I'm impressed! This is the fundamental concept of all heat engines—and the reason why one can't turn heat entirely into work. But you're still talking conceptually; what exactly is it that you're going to do?
"I guess I'll take a cool fluid, put it next to the warm body to heat it up and pressurize it, and let it expand."
You'll encounter a temperature gradient—i.e., a spatial variation in temperature—when you put the cool fluid next to the warm body. Energy flowing down a gradient always produces entropy. Your mechanism isn't as efficient as it could be.
"I'll very slowly compress the cool fluid while insulated (i.e., adiabatically) to bring it to the temperature of the warm body. Then I'll just let the fluid expand at that temperature and do work. No temperature gradients, ever."
You don't have the space to expand that much. The warm body is essentially infinite, and you need to produce work indefinitely.
"I'll work in cycles, expanding and compressing, to reset the system completely at the end of each cycle. I'll apply the compression at the lower temperature as part of the reset. Oh, and to address your objection about about moving suddenly between the two reservoirs, I'll wrap up the isothermal expansion at the higher temperature with some adiabatic expansion to cool the fluid down so that there's no entropy generation when I put it next to the cool body. The work I collect during this adiabatic expansion will exactly pay for the work I expended to achieve the adiabatic compression."
Summarize clearly the sequence you've developed.
"Starting at an arbitrary point: adiabatic compression from $\boldsymbol{T_C}$ to $\boldsymbol{T_H}$ (this eliminates any temperature gradient), isothermal expansion at $T_H$ (this provides output work), adiabatic expansion from $\boldsymbol{T_H}$ to $\boldsymbol{T_C}$ (also to eliminate any temperature gradient), and isothermal compression at $T_C$ (this dumps entropy)."
You've solved the required problem.
The fact that we can achieve mechanical work in the absence of energy input seems to suggest that any such system consisting of an ideal gas above 0K would spontaneously perform mechanical work on its surroundings, presumably until its temperature gets arbitrarily close to 0K. How could this be the case?

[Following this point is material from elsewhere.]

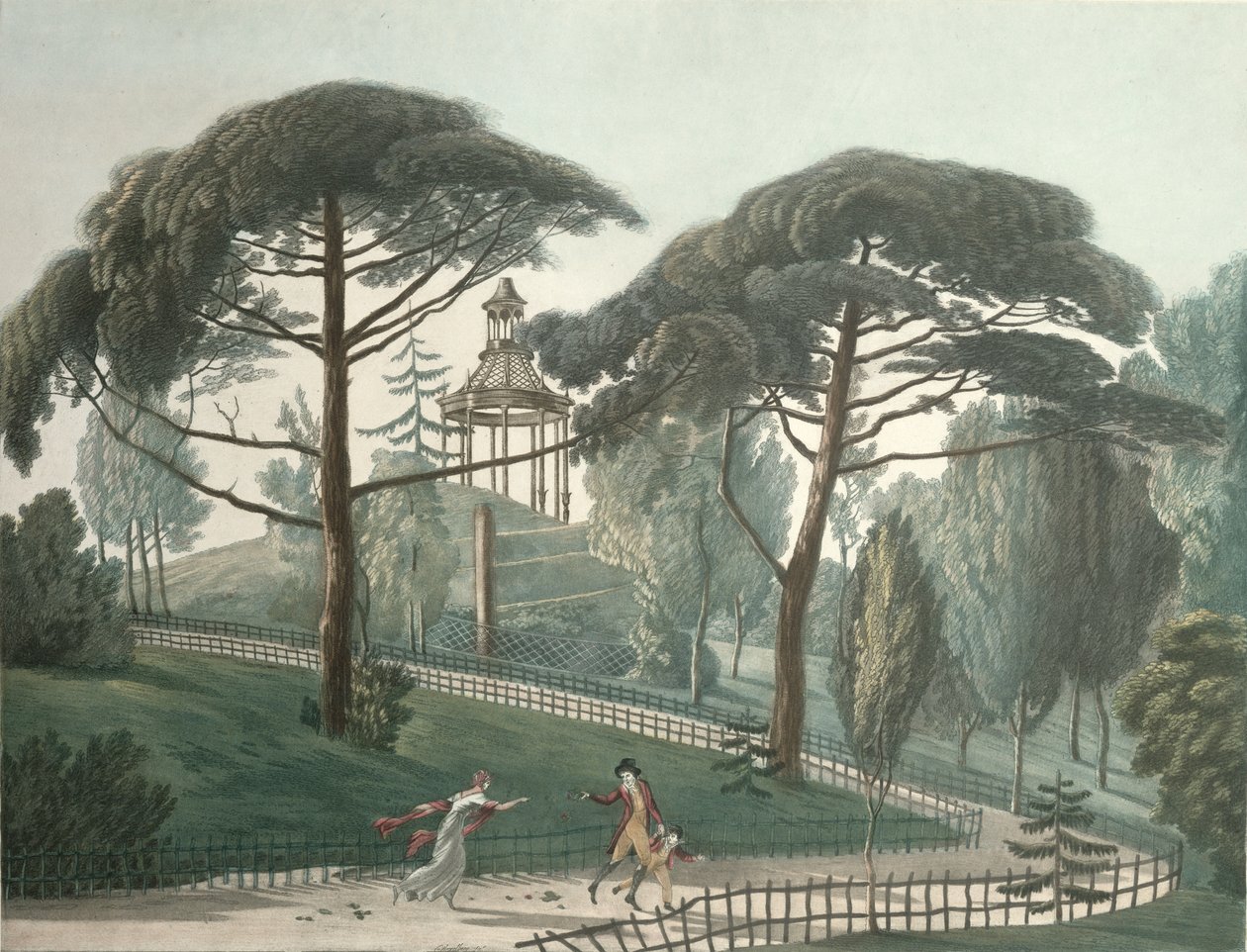 Labyrinten eller Belvedere af Jardin des Plantes i Paris, indgraveret af Nicolas Marie Joseph Chapuy (1790-1858) (akvatinte) af Antoine Pierre Mongin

Yes, a gas will spontaneously expand to fill its available volume; this maximizes entropy because there are more positional possibilities when the entire space is explored. Furthermore, it will push a frictionless piston until its pressure matches the surrounding pressure; this also maximizes entropy. (The entropy reduction from the reduced volume of the surroundings is outweighed by the entropy increase from the gas expansion, until the pressures equalize.) Yes, the gas will tend to cool as this occurs. One doesn't have to heat a system to extract energy from it! Any gradient (e.g., in pressure) is a potential energy source.